# VPN slows down regular internet access



## sososowhat (Apr 15, 2003)

I'm using Internet Connect VPN (PPTP) into my work.  However, when I do so access to the internet through Safari or Explorer slows & pretty much dies (most,  not all, sites often, not always, time out).

Is there a way to keep it so that I've got the VPN for using Citrix or Terminal Server into the office & collecting my email into Mail, while at the same time NOT using the VPN for the rest of my internet access?
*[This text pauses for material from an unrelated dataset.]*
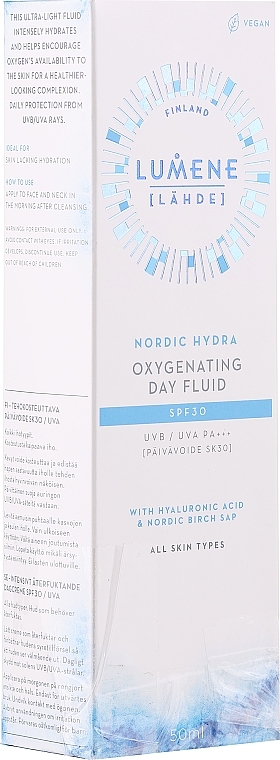 PRZECENA! Nawilżający fluid do twarzy SPF 30 - Lumene Lahde Nordic Hydra Oxygenating Day Fluid * — Zdjęcie N2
Help would be very much appreciated!


----------



## pikester (May 2, 2003)

Piece o' cake! Here's a script I use to do just that:


> #!/bin/bash
> # Setup Gateway information
> VPN_GATEWAY=`netstat -r | grep "pptp0" | grep "UH" | awk '{print $1}'`
> LOCAL_GATEWAY=192.168.0.1
> ...


A few extra notes:

I am using a Linksys router to connect to my DSL modem. The LOCAL_GATEWAY is the IP address I've assigned to the router. If you don't use a router, just go to the Network Panel to get your IP (let me know if you want to automate getting this in the script).
Route the work addresses through the VPN connection. List out each different subnet that you hit up (my company has several subnets, my list is quite long).
If you are use to accessing your machines with a short name (web vs. web.mycompany.net), you can set that up as well.
[/list=1]
Create the file in your home directory (I call mine vpnme.sh). In the unix terminal, allow yourself and others to run it:
chmod 755 vpnme.sh

When you want to run it:
sudo vpnme.sh
and type in your password again.


----------